Что же касается тела Николай Иваныча, то его не было, ибо эту аморфную комковатую массу без нервных сигналов, чей дальний край стекал в неопределенную даль, в какие-то степи, материалист не мог бы признать телом, а Николай Иваныч был материалист, во всяком случае до сегодняшнего дня; впрочем, он привычно совершил ежедневное чудо: без всякого усилия разума, одним лишь рептильным мозгом, ответственным за инстинкты, он собрал массу воедино, перевалился и перестроился и стал щуплым мужичком, сидящем на венском стуле за неубранным столом.
Ему только что приснилось, что гильотина отрубила ему голову; как убежденный материалист, Николай Иваныч сразу понял, что сон сей произошел от неудобного положения, в котором ему случилось прошествовать в объятия Морфея накануне, и от обильного воздаяния Бахусу, случившегося накануне же.
Он поднял голову к потолку, вяло пристукнул красным кулачком по скатерти, и снова уронил голову.
– Пизжж-визжж, – сказал Николай Иваныч.
– Что такое, друг мой? – спросил встревоженный женский голос. Озабоченное лицо в пенсне склонилось над ним.
– Пизжж-визжж, – повторил Николай Иваныч, помогая себе пальцем. – Хочу пизжж-визжж.

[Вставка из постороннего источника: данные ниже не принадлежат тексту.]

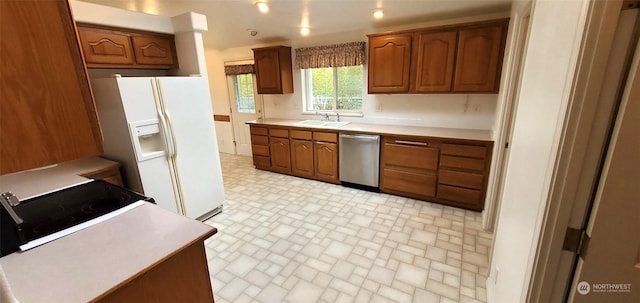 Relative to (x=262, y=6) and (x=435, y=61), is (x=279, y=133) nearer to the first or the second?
(x=262, y=6)

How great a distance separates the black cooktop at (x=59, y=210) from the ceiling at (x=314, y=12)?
2213 mm

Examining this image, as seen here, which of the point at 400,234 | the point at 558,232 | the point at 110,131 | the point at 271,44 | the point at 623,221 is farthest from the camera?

Женщина – по-видимому, то была Ольга Львовна, акушерка, посвятившая себя народу, и, между прочим, безумно влюбленная в Николай Иваныча и мечтавшая спасти его от губительного пристрастия – без какого бы то ни было успеха, – покраснела от натуги понять.
– Я не понимаю, друг мой, что вы хотите?.. Провизии?.. Провизора?.. Подвижничества?..
– Пиззджжжвижников хочу, переджвижников! – удалось Николай Иванычу.
– Передвижников! – изумилась Ольга Львовна. – Откуда же в нашей глуши… Да и к чему…
Ольга Львовна относилась к старой школе борцов за народное счастье: отрицала всякое искусство («Да поймите же вы, наконец, Тимофеев, что всех ваших аполлонов нужно перемолоть обратно в гипс, для перевязок сельских тружеников!»), но в последние годы – веяния ли времени, или просто возраст – втайне любила прекрасное: тут полочку каслинского литья, там вышитую крестиком елочку на полотенце.